Así siguieron las cosas, y durante los siglos siguientes las religiones se siguieron reproduciendo por mitosis. Nada perjudicial había en esa costumbre inveterada de promover nuevos dioses a nuevos olimpos. Pero sucede que todas y cada una de ellas han recurrido de antiguo a un proselitismo violento, a la imposición de normas severas y muchas veces arbitrarias para actos y pensamientos. No sus sistemas de fe (en ocasiones contrarios a la violencia de forma taxativa), pero sí quienes los sustentaban, los hombres que creen o dicen creer, han presumido de estar al tanto de la Verdad, de una única verdad incompatible con las demás verdades. Estos hombres, elegidos por sí mismos para ser los elegidos de su dios, han creído también, sin que seguramente ninguno de sus textos sagrados les avalara literalmente, que cuanto mayor poder tenían su fe y su liturgia más tendría su dios -del que sólo ellos podían darnos noticia acerca de tales voluntades- aunque en consecuencia eran únicamente ellos quienes acumulaban influencia y dominio.
Hace no demasiado tiempo, en un rincón del orbe que se ve a sí mismo como el centro del mundo (pasa así con todos los rincones), dios fue ajusticiado al fin. Nuevos profetas y vicarios de un nuevo saber dieron por concluido el papel de los dioses, pues ahora el mundo ya no los necesitaba para explicarse a sí mismo y a nosotros, y los disolvieron en los contornos difusos de lo muy grande y lo muy pequeño. Pero a diferencia de quienes les habían precedido, estos nuevos intermediarios del Gran Relato quisieron compartirlo y debatirlo, formarlo entre distintas opiniones y, sobre todo, no estigmatizaron a los creyentes de otras fes, ni mucho menos pretendieron su conversión, sino que admitieron la convivencia de quienes pensaban distinto, a condición de que éstos no pretendieran limitar los pensamientos del otro. Se trataba de dejar a dios en casa de cada cual, de evitar que se obligara en su nombre.

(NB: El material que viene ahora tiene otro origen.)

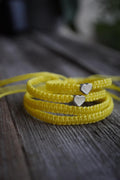 Silver Heart Family Bracelets Yellow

Ahora, que el mundo es viejo, los dioses parecen llamados a volver a inmiscuirse en nuestras vidas, a brotar por doquier. Se aparecen en las paredes de los colegios y en los flancos de los autobuses urbanos. Disfruta la vida, pues dios probablemente no existe; o sí existe, pero también puedes disfrutarla igual, afirman las buenas nuevas que pueden leerse en el transporte público de varias ciudades europeas. Lo revelador de esta publicidad es que no parece haber gran diferencia entre creer o no hacerlo. Quizás suceda que nos hemos dado cuenta de que da igual si dios existe o no. Porque si existe seguramente no es un dios justo o injusto, y sus acciones, si las hubiera, no podrían (ni quizás deberían) evaluarse con razonamientos humanos. Simplemente puede que dios, de ser, sea alguien indiferente. A quien le da igual en qué autobús monta cada cual.